Tue Sep 10 12:28:45 BST 2019

i've added a section which explains why full quantitative analysis is not 
only impractical but unnecessary.  it's down to the sheer overwhelming 
quantity of opcodes times the number of markets (136 separate and distinct 
"analyses" to perform) where in fact, on close inspection, the markets and 
cases for each opcode are, in each "category" uniform and regular.

exceptions to this uniformity were already identified, captured and 
discussed, thanks to the contributions of jacob, mitch, dan and yourself, 
allen.

https://libre-riscv.org/ztrans_proposal/#analysis

# Quantitative Analysis

This is extremely challenging.  Normally, an Extension would require full,
comprehensive and detailed analysis of every single instruction, for every
single possible use-case, in every single market.  The amount of silicon
area required would be balanced against the benefits of introducing extra
opcodes, as well as a full market analysis performed to see which divisions
of Computer Science benefit from the introduction of the instruction,
in each and every case.

With 34 instructions, four possible Platforms, and sub-categories of
implementations even within each Platform, over 136 separate and distinct
analyses is not a practical proposition.

A little more intelligence has to be applied to the problem space,
to reduce it down to manageable levels.

Fortunately, the subdivision by Platform, in combination with the
identification of only two primary markets (Numerical Computation and
3D), means that the logical reasoning applies *uniformly* and broadly
across *groups* of instructions rather than individually.

In addition, hardware algorithms such as CORDIC can cover such a wide
range of operations (simply by changing the input parameters) that the
normal argument of compromising and excluding certain opcodes because they
would significantly increase the silicon area is knocked down.

However, CORDIC, whilst space-efficient, and thus well-suited to
Embedded, is an old iterative algorithm not well-suited to High-Performance
Computing or Mid to High-end GPUs, where commercially-competitive
FP32 pipeline lengths are only around 5 stages.

Not only that, but some operations such as LOG1P, which would normally
be excluded from one market (due to there being an alternative macro-op
fused sequence replacing it) are required for other markets due to
the higher accuracy obtainable at the lower range of input values when
compared to LOG(1+P).

ATAN and ATAN2 is another example area in which one market's needs
conflict directly with another: the only viable solution, without 
compromising
one market to the detriment of the other, is to provide both opcodes
and let implementors make the call as to which (or both) to optimise.

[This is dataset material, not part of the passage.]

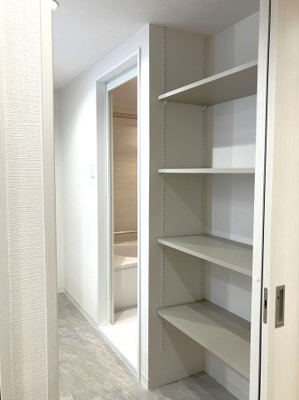 【収納】 | パシフィック星置ヒルズB棟 | ユーティリティには収納もあります♪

Likewise it is well-known that loops involving "0 to 2 times pi", often
done in subdivisions of powers of two, are costly to do because they
involve floating-point multiplication by PI in each and every loop.
3D GPUs solved this by providing SINPI variants which range from 0 to 1
and perform the multiply *inside* the hardware itself.  In the case of
CORDIC, it turns out that the multiply by PI is not even needed (is a
loop invariant magic constant).

However, some markets may not be able to *use* CORDIC, for reasons
mentioned above, and, again, one market would be penalised if SINPI
was prioritised over SIN, or vice-versa.

Thus the best that can be done is to use Quantitative Analysis to work
out which "subsets" - sub-Extensions - to include, and be as "inclusive"
as possible, and thus allow implementors to decide what to add to their
implementation, and how best to optimise them.